10 生還

「危ない、お母さん!」

 わたしの自殺を引き止めたのは娘の美緒だ。半分はわたしによってこの世に生を受けた娘のから差し伸ばされた両腕が、皮肉にもわたしをこの世に引き戻す。

 直後――

 ゴオオオオォォォ……

 という身を切るような冷たさの烈風をともなう轟音ともに電車がホームに到着し、わたしの今しがたの行為が未遂に終わる。

「お母さん、ほら、しっかりしてよ。お母さん」

 娘の美緒がわたしの頬を軽くぺちぺちと叩く。わたしは大きく息を吸い、状況を自分なりに確認すると娘に言う。

「ありがとう。もう大丈夫だわ」

「お母さん、びっくりさせないでよ」

「ごめんなさいね、心配かけたわ。ちょっとぼおっとしてしまって」

「まあ、いいわ。話は後ね。歩ける。座る。それとも……」

「大丈夫、次の電車で帰るわ」

 帰宅ラッシュにはまだ時間があったが、それでもかなりの数の人々で溢れ返る駅のホーム。その場でつい今し方、己に為そうとした行為が無に帰してしまう。娘がわたしを死から生に引き戻した直後、わたしの行為を偶然目撃したかもしれない人々はもういない。その中の何人かは、わたしのことを心配してくれただろうか。困ったな。わたしは一つの解決策を台無しにしたのだ。すぐに次のそれを思いつくことはできないだろう。

「でも、お母さん、どうしてここに……」

「そんなこと言ったら何で美緒がここにいるのよ」

「いやだな、わたしの職場はこの近くなのよ。

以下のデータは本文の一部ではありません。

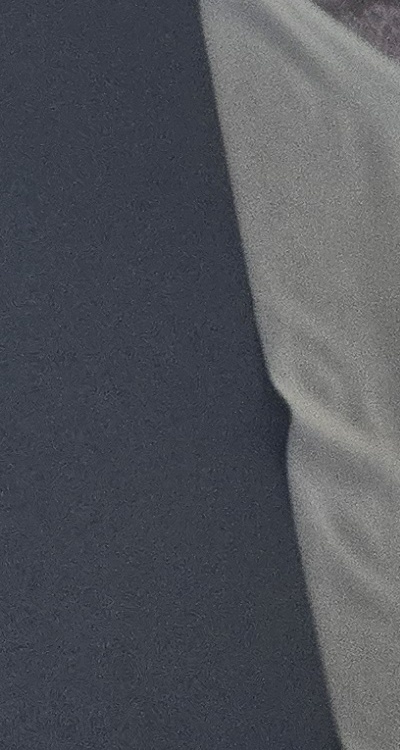 치아 사이 벌어짐 심해지는 이유부터 알아보면 관련 이미지 47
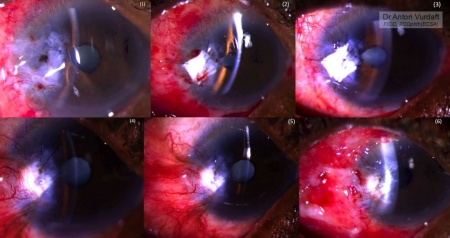 Pterygium excision caused corneal perforation.
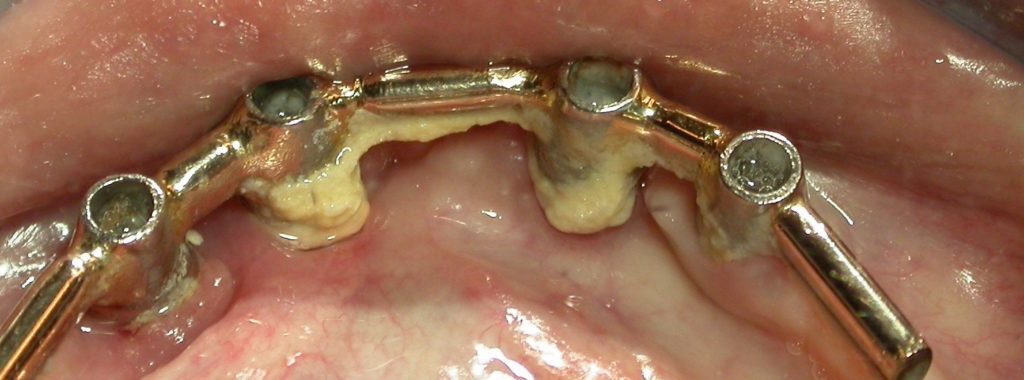 Fig. 1 : Les brossettes interdentaires doivent pouvoir accéder facilement entre 2 implants.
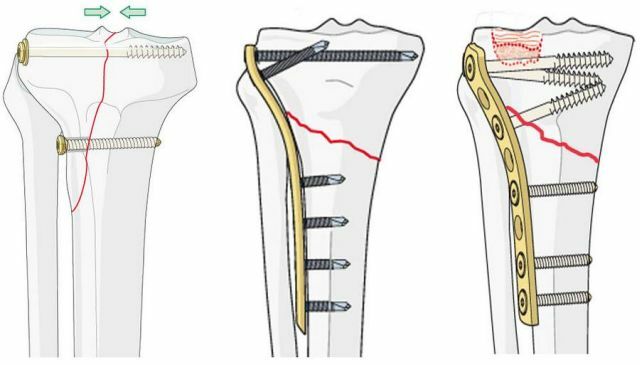 osteosynthesis of the tibia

本当にいろんなことに関心がないんだから……。それで」

「ああ、旧い知り合いのお見舞いに来たのよ。自分でも気がつかないうちにショックを受けてしまったのね。その方の病状が芳しくなかったものだから」

「でも、だからといってお母さんの方が死んじゃったら元も子もないでしょう。その方だって喜びはしないわ」

「ええ、そうよね。美緒、ありがとうね。でも、このことはお父さんには内緒ね」

「うん、わかったわ。わたしたち二人だけの秘密にしましょう」

 結局、娘の美緒はわたしを家まで送り届け、さらに自分の夫に連絡を入れ、わたしの家の本日の家事まで肩代わりしてくれる。その意味では我が子ながら良くできた娘だと感心する。けれども美緒は、わたしの遺伝子の半分を確実に受け継いでいる。もしかしたらわたしのあのときの行為の意味と、さらにその背後に隠されたわたしの想いを見破られたのではないか。そう考えるとぞっとする。心がざわざわと怖くなる。もちろん娘がわたしのそんな想いを第三者に漏らすことはないだろう。わたしが偶然知ってしまった娘の浮気を第三者には決して漏らさないように……。

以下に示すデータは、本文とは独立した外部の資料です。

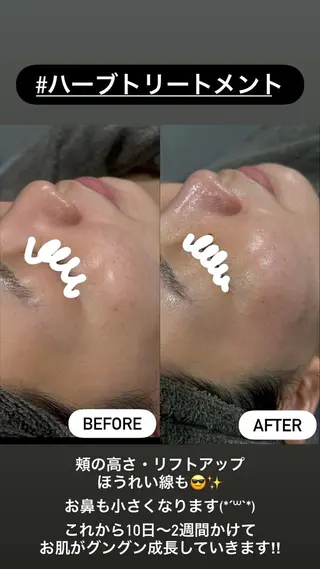 LiZA エステティックサロンのエステ・リラクイメージ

 娘の浮気相手は今では落ちぶれ果てた高校時代の演劇部スターだ。名は結城久貢。高校卒業後も熱心に芝居を続け、せっかく入った有名国立大学を中退し、とある劇団に研究生として入団する。けれども最終的に結城はその劇団には残れず、職を転々とし、一度は大衆演劇の照明の仕事で生計を立てたものの、今では闇金融の取立て屋が主な生業となっている。ときにはタブロイド誌にいかがわしい醜聞記事を載せることもあるらしい。種々の才能に恵まれてはいたものの、結城久貢はそれを大輪の華に育て上げることに失敗したのだ。

 人生は様々だ。

 娘の美緒が夫の柏木壮太を愛しているのは間違いない。だが浮気相手の結城久貢との関係は壮太との結婚以前から続いているのだ。結城に呼び出されると美緒はそれを断れない。美緒が重ねる様々な嘘を柏木壮太は疑わない。少なくとも本質的に善人な壮太がはじめての浮気を経験するまで美緒の嘘に気づくことはないだろう。